Pictures stay out of the copy, and everything else in the data below is repeated exactly.
Source material section start
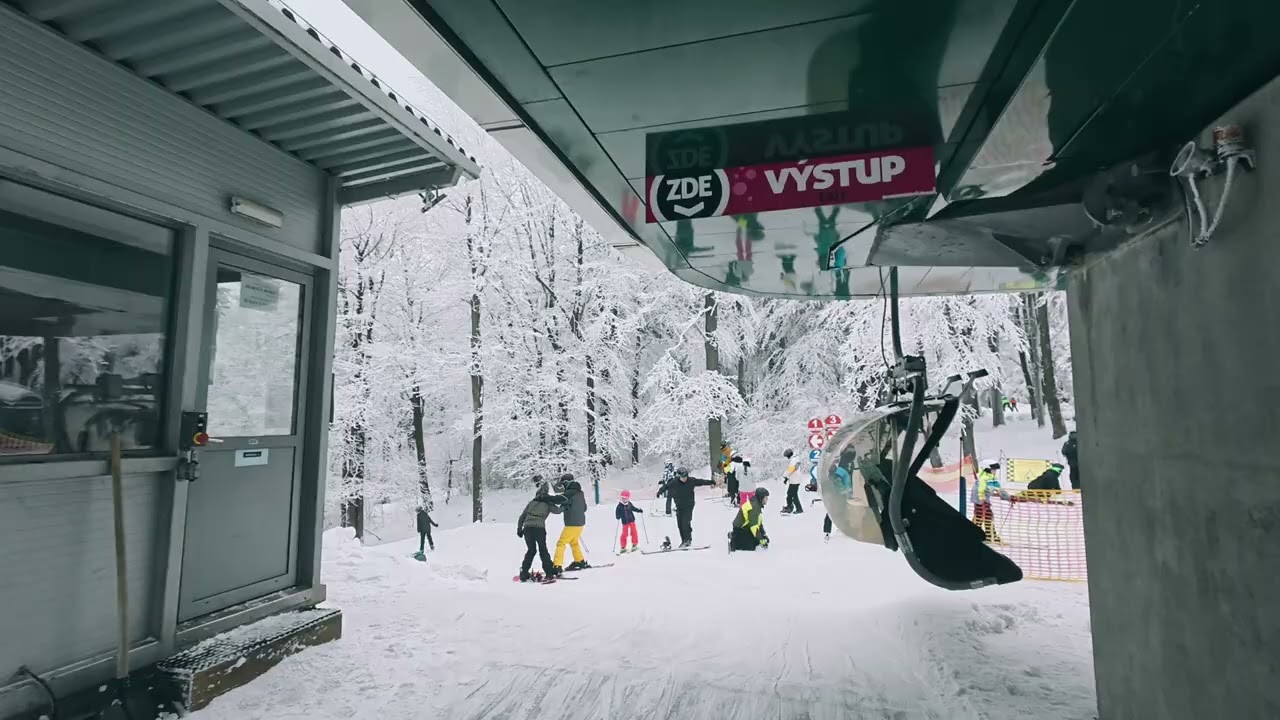 Lyže - Buková hora - 30.1.2026 #4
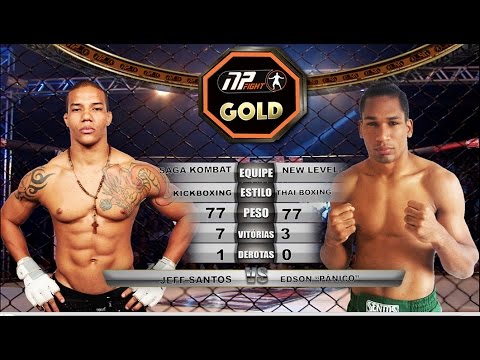 LUTA  NP FIGHT GOLD:  JEFF SANTOS X EDSON " PÂNICO"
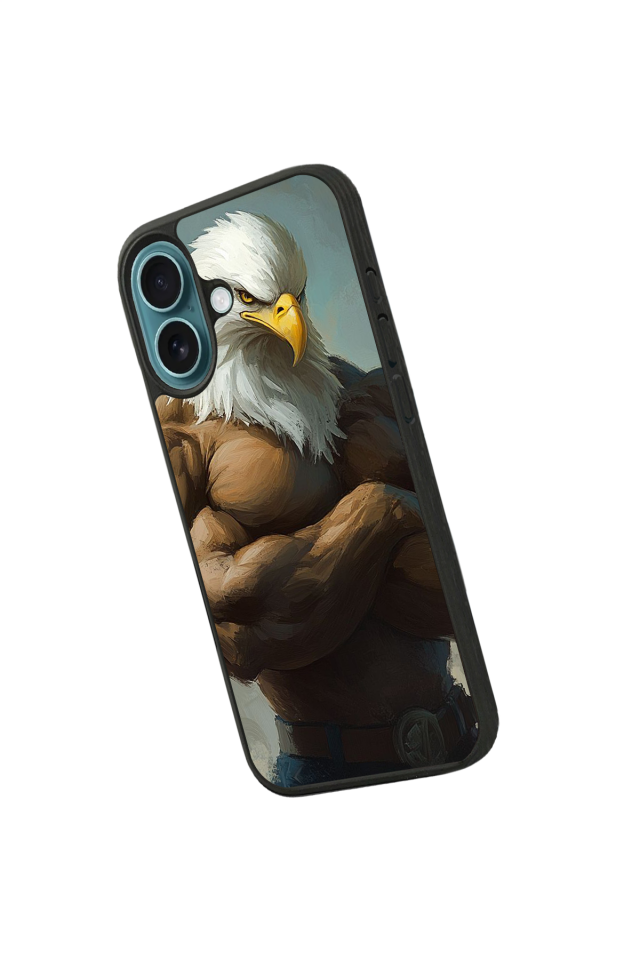 iPhone 16 Plus Uyumlu Besiktas Tasarımlı Glossy Premium Kılıf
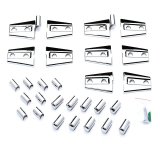 Putco 07-17 Jeep Wrangler - Hinge Covers (Also Fits Sahara Edition) thumbnail 5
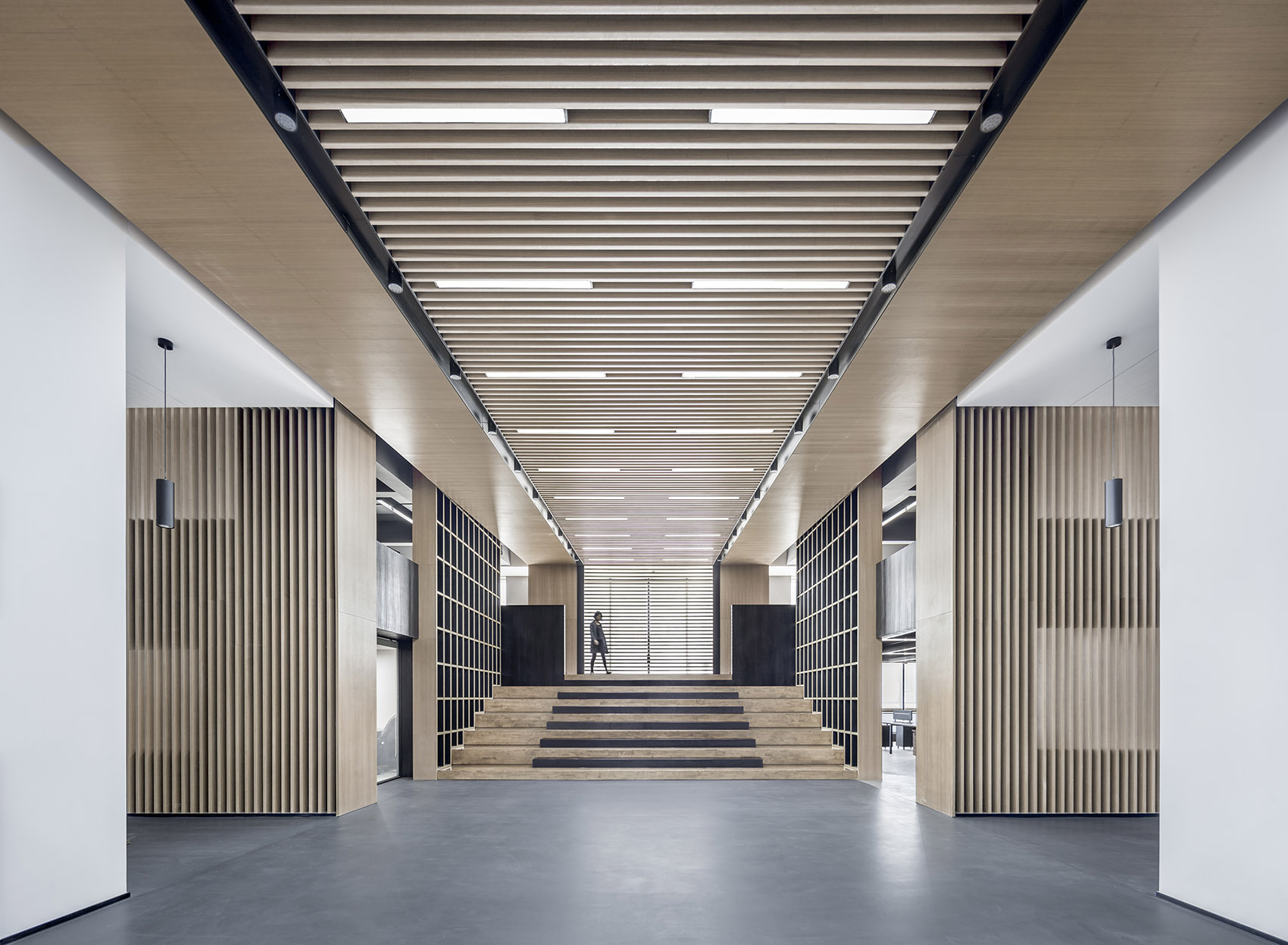 上海舆图科技有限公司办公空间改造 / 米思建筑-20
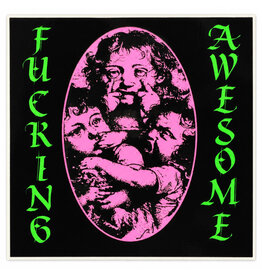 Fucking Awesome Fucking Awesome Sticker Faces FA 26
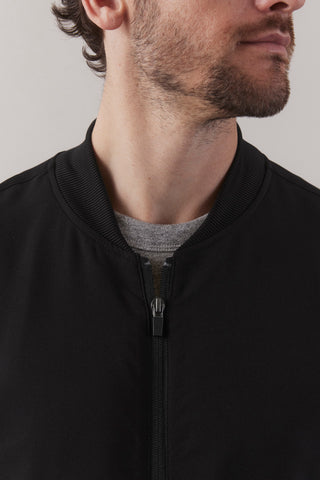 Monaco Clinical Jacket   Black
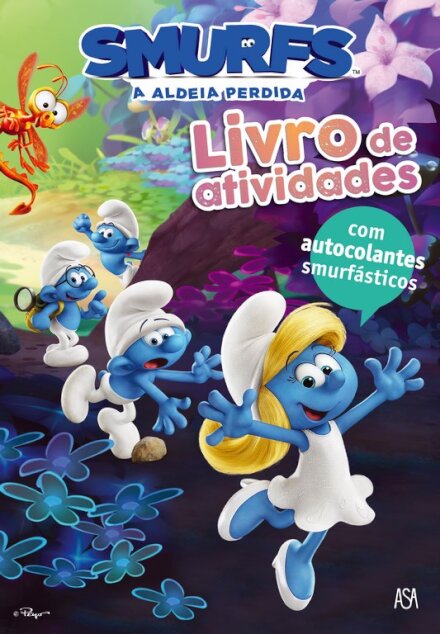 Smurfs: Aldeia Perdida - Livro Atividades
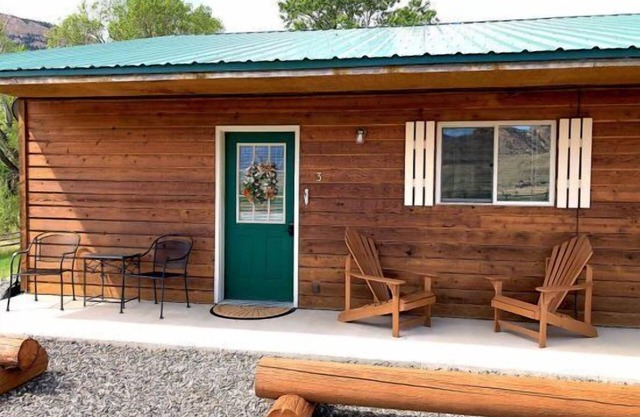 A unos pasos de Trout Creek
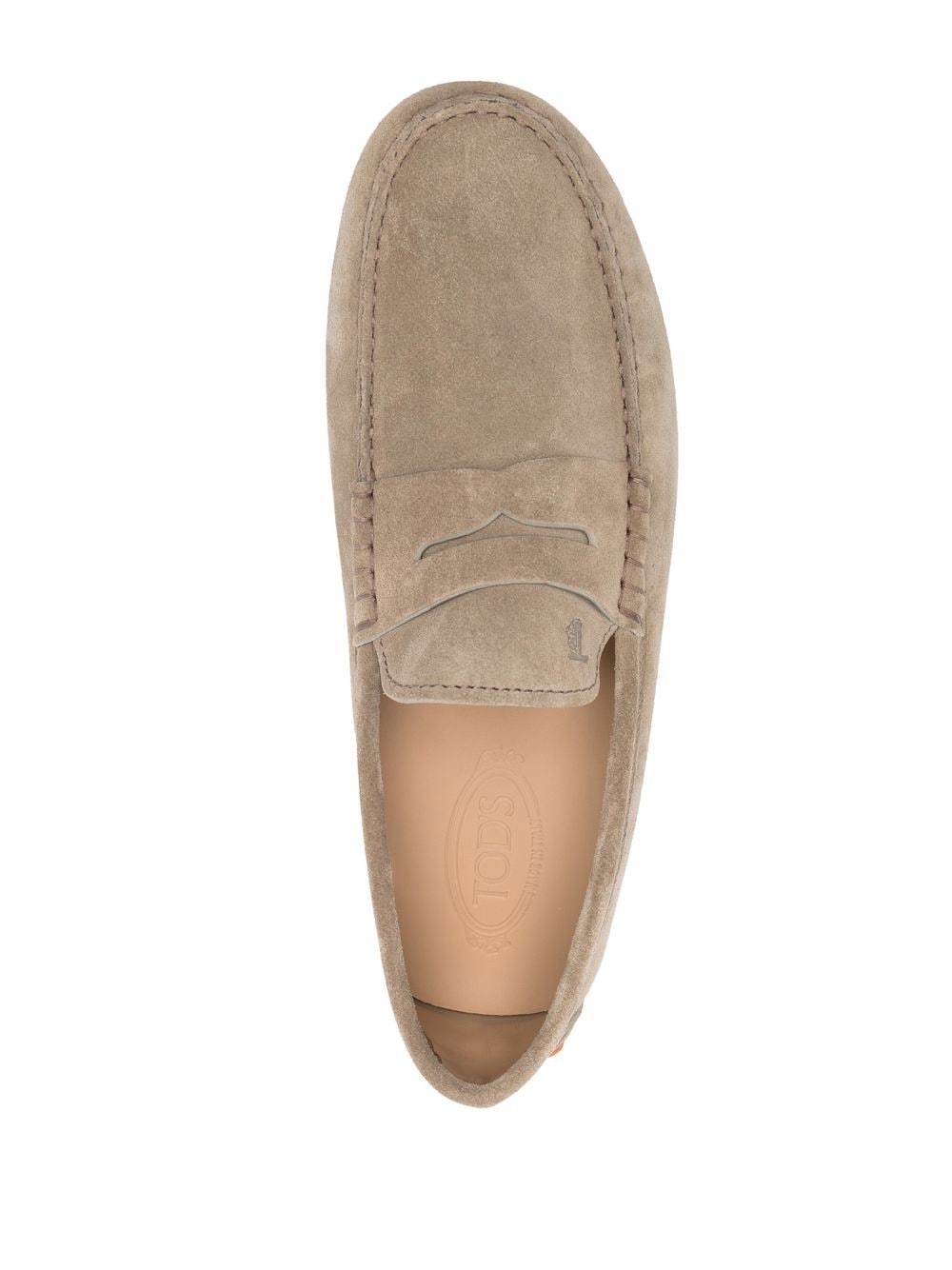 Tods Flat Shoes Beige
Source material section end
▶ Result for this task:
 Lyže - Buková hora - 30.1.2026 #4
 LUTA  NP FIGHT GOLD:  JEFF SANTOS X EDSON " PÂNICO"
 iPhone 16 Plus Uyumlu Besiktas Tasarımlı Glossy Premium Kılıf
 Putco 07-17 Jeep Wrangler - Hinge Covers (Also Fits Sahara Edition) thumbnail 5
 上海舆图科技有限公司办公空间改造 / 米思建筑-20
 Fucking Awesome Fucking Awesome Sticker Faces FA 26
 Monaco Clinical Jacket   Black
 Smurfs: Aldeia Perdida - Livro Atividades
 A unos pasos de Trout Creek
 Tods Flat Shoes Beige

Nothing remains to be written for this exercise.